Purtroppo gli abusi delle sweatshop (efficace espressione che sta proprio ad indicare le “fabbriche del sudore” che sfruttano i propri operai) continuano a rimanere profondamente e significativamente radicati quali problemi sistemici. Basti pensare al titolo del rapporto curato da waronwant.org: Fashion Victims. “Vittime della moda”, sì…. E non ci si riferisce certo a star viziate che non sanno rinunciare ai propri capricci! Non tutti i marchi fanno della sostenibilità il loro punto di forza e la filosofia alla base della vita stessa dell’azienda. Per citare in questa sede solo due tra gli esempi virtuosi possibili, pensiamo al prezioso circuito del commercio equo promosso da Altromercato e al Patagonia-pensiero. È pur vero che alcune compagnie sono pronte a intraprendere iniziative per migliorare le condizioni di lavoro dei propri lavoratori e salvaguardarne i diritti fondamentali, ma di sicuro non esistono soluzioni facili e immediate per eliminare le violazioni presenti. Uno dei primi step è sicuramente l’adozione di un codice di condotta, che sia promessa di determinate condizioni di lavoro per gli operai e che abbia quali punti principali, tra gli altri, la scelta libera dell’impiego, la non discriminazione, l’assenza di lavoro minorile e un numero non eccessivo di ore lavorative (non più di 48 ore settimanali, almeno un giorno di riposo ogni 7, non più di 12 ore a settimana di lavoro straordinario).

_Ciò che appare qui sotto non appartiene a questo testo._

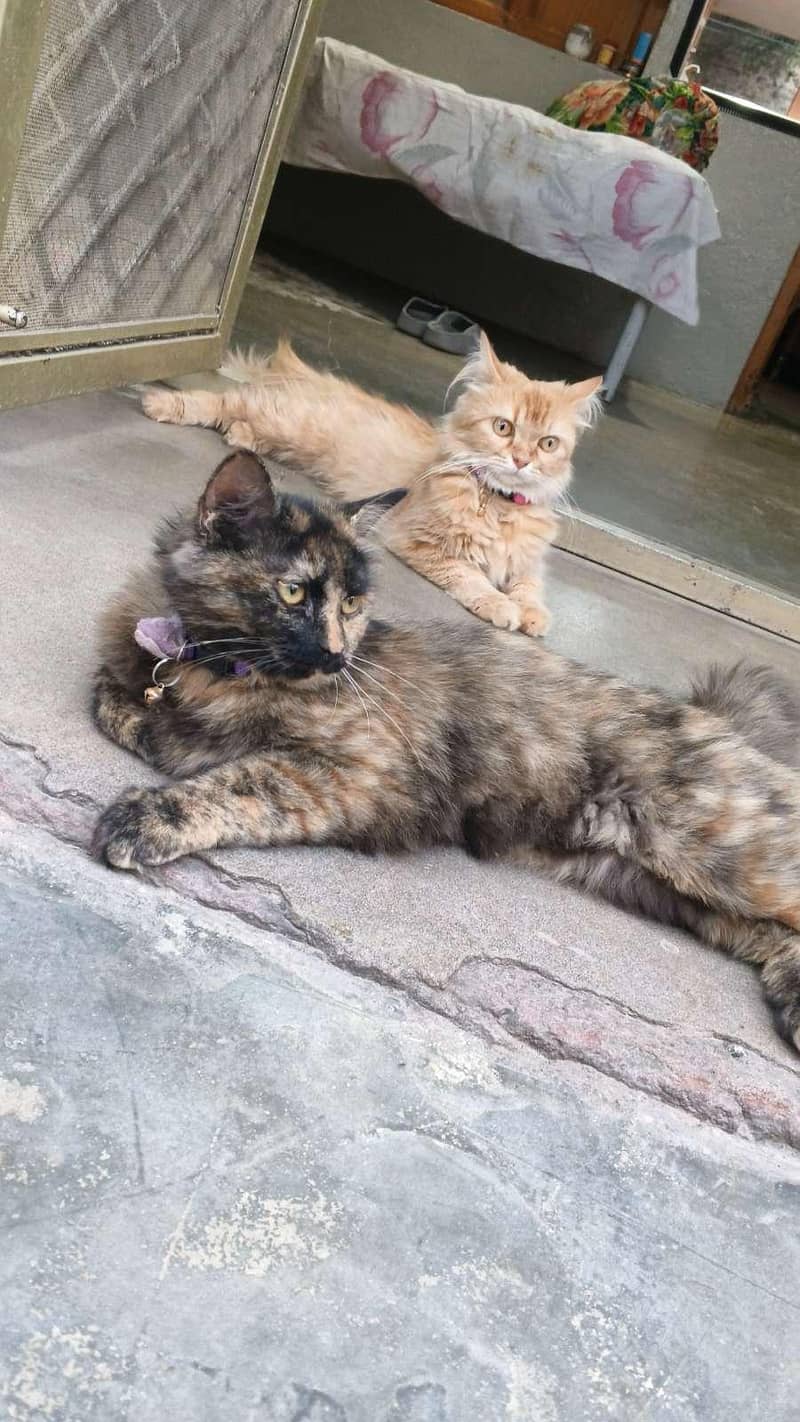 Persian 2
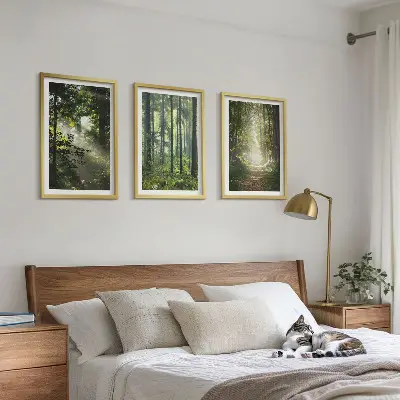 Juego de 3 cuadros con diseño de bosques verdes y rayos de luz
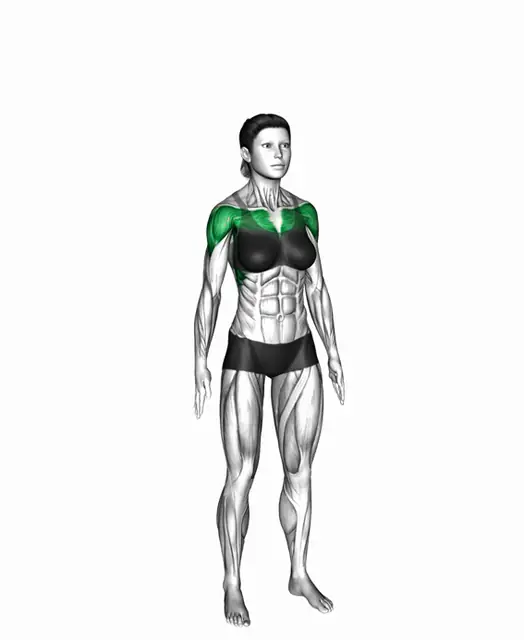 스탠딩 사이드 오픈 암 레이즈 자세 시연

Vale la pena allora segnalare in chiusura, ricordando tra l’altro che domani ricorre la Giornata mondiale contro il lavoro minorile, l’esistenza di un ulteriore strumento per misurare la sostenibilità dei propri capi. Si tratta dell’Higgs Sustainable Index, di cui si parla ampiamente su Greenme.it. Si tratta di un riferimento oggettivo e univoco, elaborato dalla Sustainable Apparel Coalition, per analizzare l’impatto ambientale e sociale della produzione di capi d’abbigliamento in termini di sostenibilità del design e del ciclo di vita del capo, dell’utilizzo (e degli sprechi) di materie prime necessarie alla sua realizzazione e dei livelli di consumo energetico e smaltimento dei rifiuti derivanti dalla sua produzione.